## EXERCISE REQUIREMENTS
Word for word, restate the lines of the data below between those holding "The Kidilo high" and "This beautiful home", inclusive; pictures do not belong in the copy.

## STUDY MATERIAL
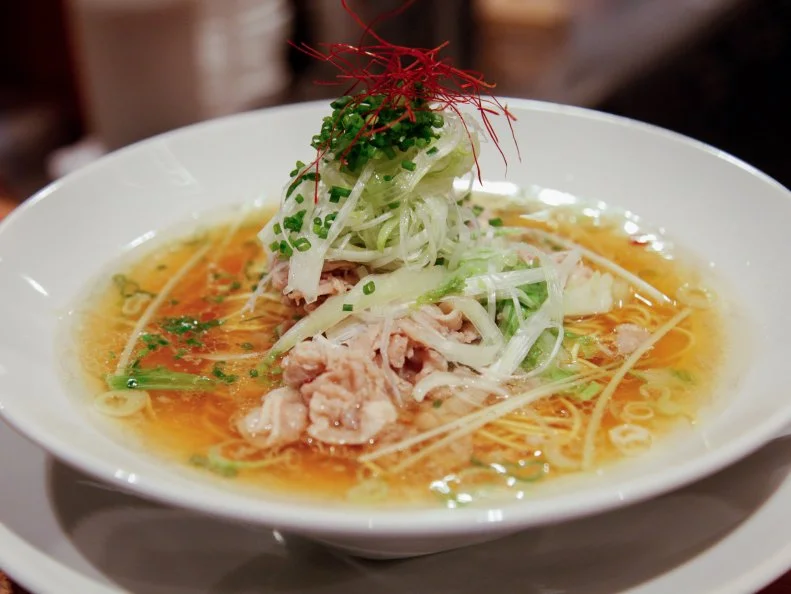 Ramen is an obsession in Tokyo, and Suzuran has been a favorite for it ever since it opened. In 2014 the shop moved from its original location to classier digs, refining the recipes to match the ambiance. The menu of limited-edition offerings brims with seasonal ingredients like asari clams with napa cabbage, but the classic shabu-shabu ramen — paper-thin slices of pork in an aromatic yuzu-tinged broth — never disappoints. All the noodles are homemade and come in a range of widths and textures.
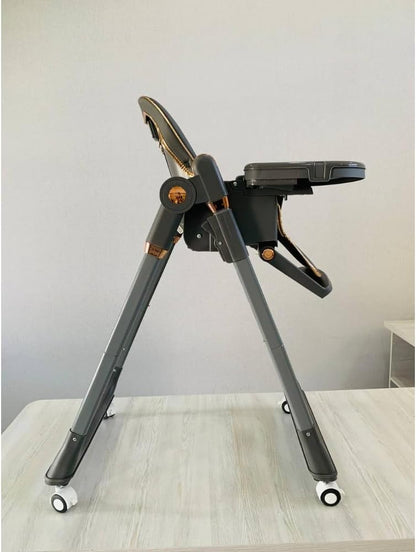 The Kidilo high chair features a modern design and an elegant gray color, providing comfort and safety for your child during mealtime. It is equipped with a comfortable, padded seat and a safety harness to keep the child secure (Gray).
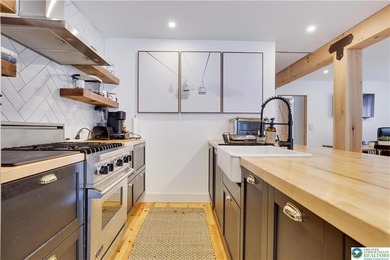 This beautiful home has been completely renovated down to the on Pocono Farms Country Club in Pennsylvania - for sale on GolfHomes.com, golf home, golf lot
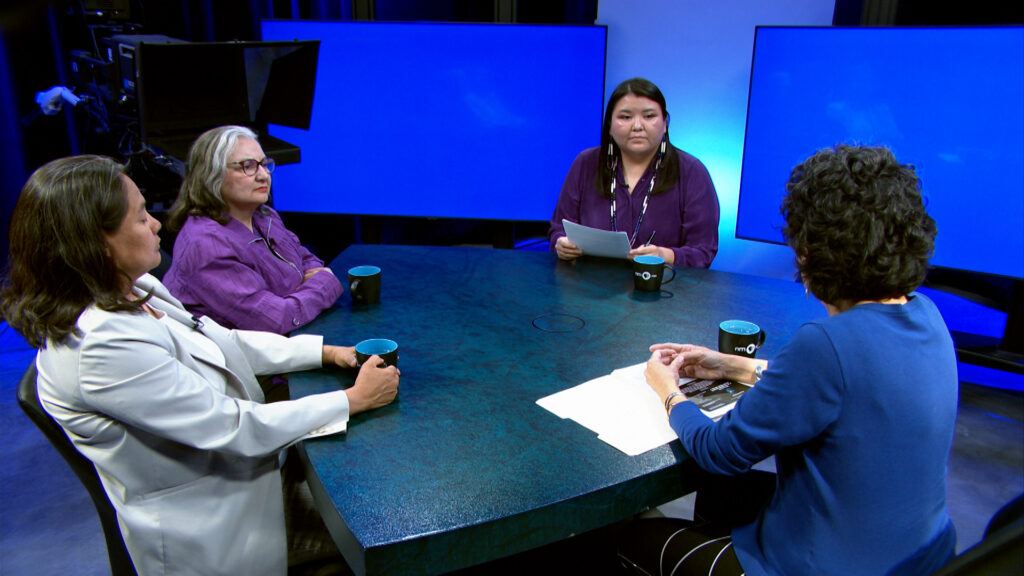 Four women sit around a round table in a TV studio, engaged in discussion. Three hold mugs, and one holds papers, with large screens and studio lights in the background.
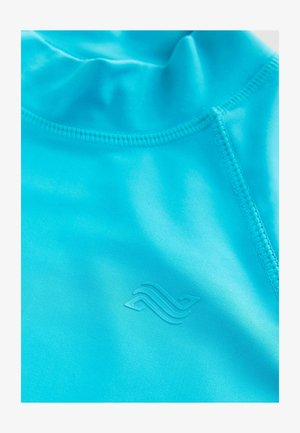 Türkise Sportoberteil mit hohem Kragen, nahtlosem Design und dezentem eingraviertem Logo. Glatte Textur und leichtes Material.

## WRITTEN SOLUTION
 The Kidilo high chair features a modern design and an elegant gray color, providing comfort and safety for your child during mealtime. It is equipped with a comfortable, padded seat and a safety harness to keep the child secure (Gray).
 This beautiful home has been completely renovated down to the on Pocono Farms Country Club in Pennsylvania - for sale on GolfHomes.com, golf home, golf lot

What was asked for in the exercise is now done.